After just watching a video on YouTube, current_number += 1 seems to be an escape from an infinite loop, which I saw from experimenting, but I didn’t understand why I couldn’t put that code before print.
As I was typing this I just realized that print comes first because there’s supposed to be five prints (though still don’t know for sure actually lol). I still don’t get why if I put current_number += 1 before print the returned values are “2, 3, 4, 5, 6”. How does it get to 6?

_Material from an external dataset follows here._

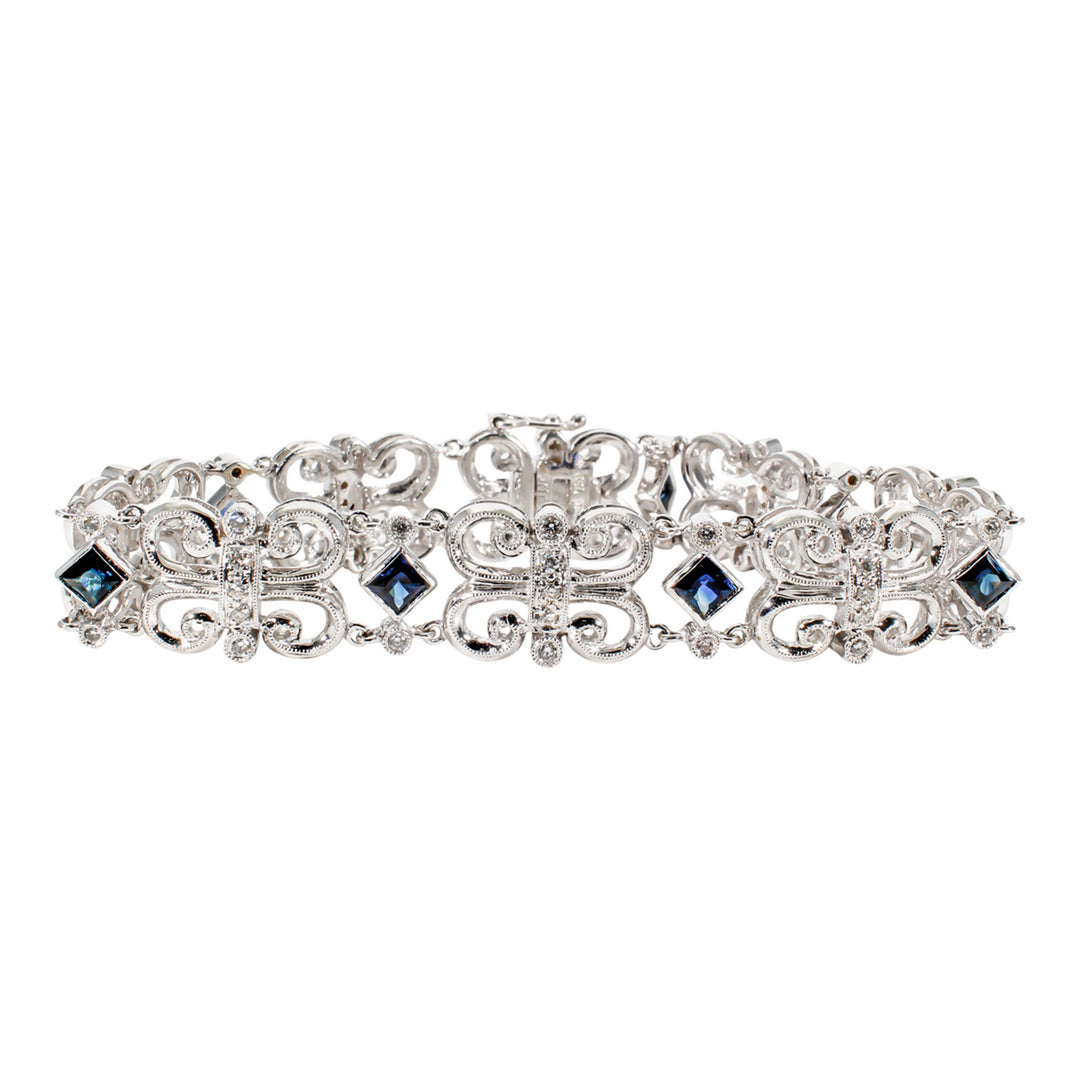 7"" Butterfly links bracelet in 18K WG with round diamonds & sapphires.  D0.63ct.t.w.  Sapphires 2.37ct.t.w.
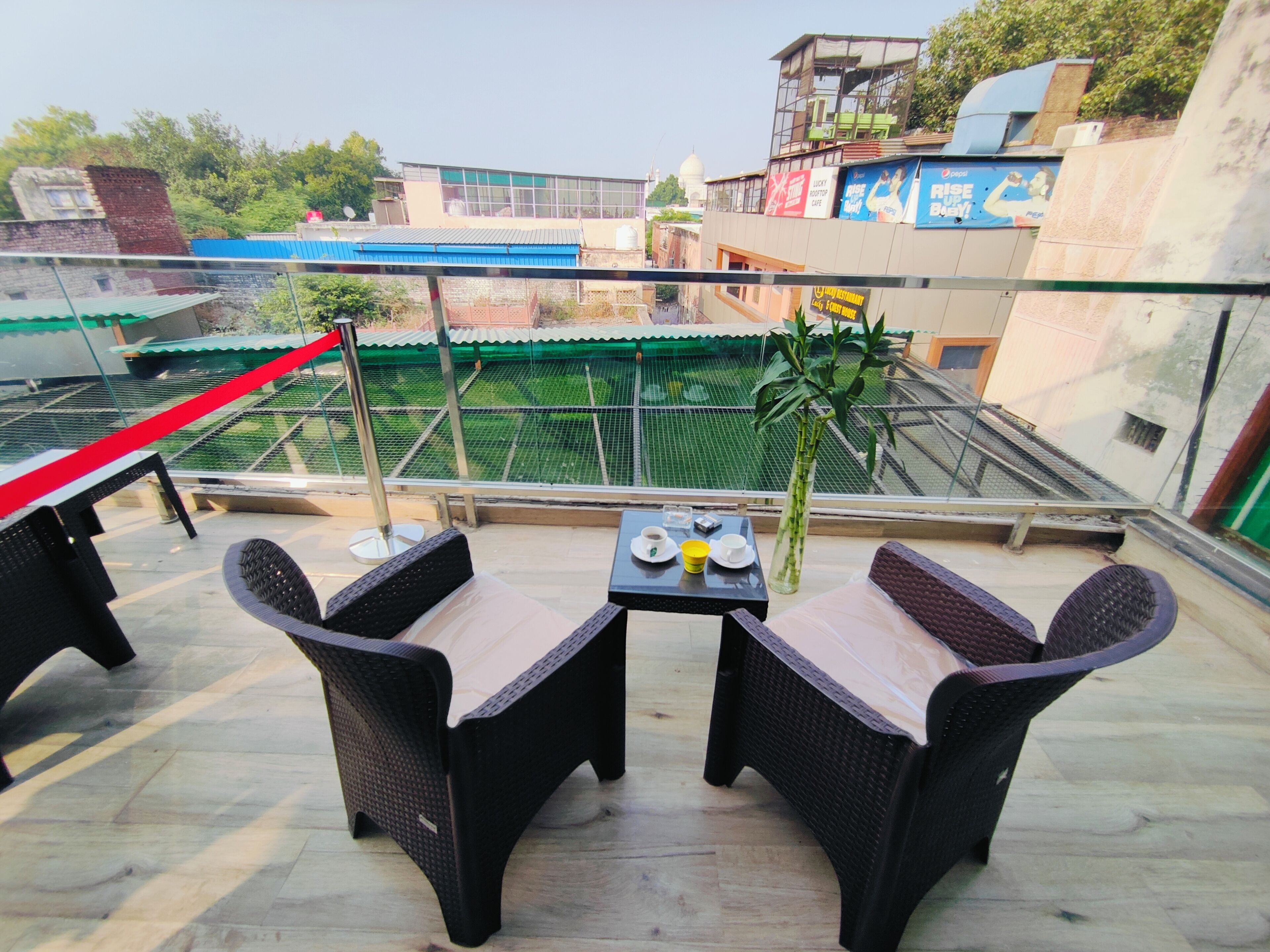 Una terraza con mobiliario de mimbre y una mesa, con vistas a un área verde y un edificio blanco al fondo.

current_number = 1 # Initialize test variable
while current_number <= 5: # Condition statement to satisfy in order to execute while loop body
print(current_number) # Print the value of variable
current_number += 1 # Increment variable
After incrementing the variable, it goes back to the conditional statement to test if the condition is still met. If it is, it will execute the statements in the body. If the condition is not satisfied, it will go out of the while loop and continue to the next statement after the while loop body.
In case that is what is causing the confusion, the condition is not checked all the time, but only before the first statement in the loop. Therefore, if the value is incremented before the print statement, the condition will only be checked after the value is printed. If you think through the code, let’s suppose we have the above, just starting at a later number for brevity:
current_number is <= 5, so the loop runs, 5 is printed and then current_number is incremented to 6. Now the condition is checked again, and as the condition 6 <= 6 is false, the loop terminates. By contrast, with
…everything happens as before, except the number is incremented to 6before the print, and thus 6 is printed.
These sort of off by one errors are particularly common with while loops if you’re not careful, which is one reason why in real life you’d always use a for loop for this sort of iteration, where you have a sequence of things and you want to iterate a fixed number of times:
for current_number in range(1, 6):
print(current_number)
This is both shorter and avoids the above type of “off by one” errors due to the order of the action and the incrementing.
I’ve been reading these posts and am trying to make this more clear. Is the reason why the increment variable is indented because it’s working directly with the print function even though it’s right after? It almost seems like it IS a print function. I know it’s not, but yeah. Maybe what I’m saying doesn’t make sense, but I think it’s good for me to put these thoughts down. Maybe other people think this too.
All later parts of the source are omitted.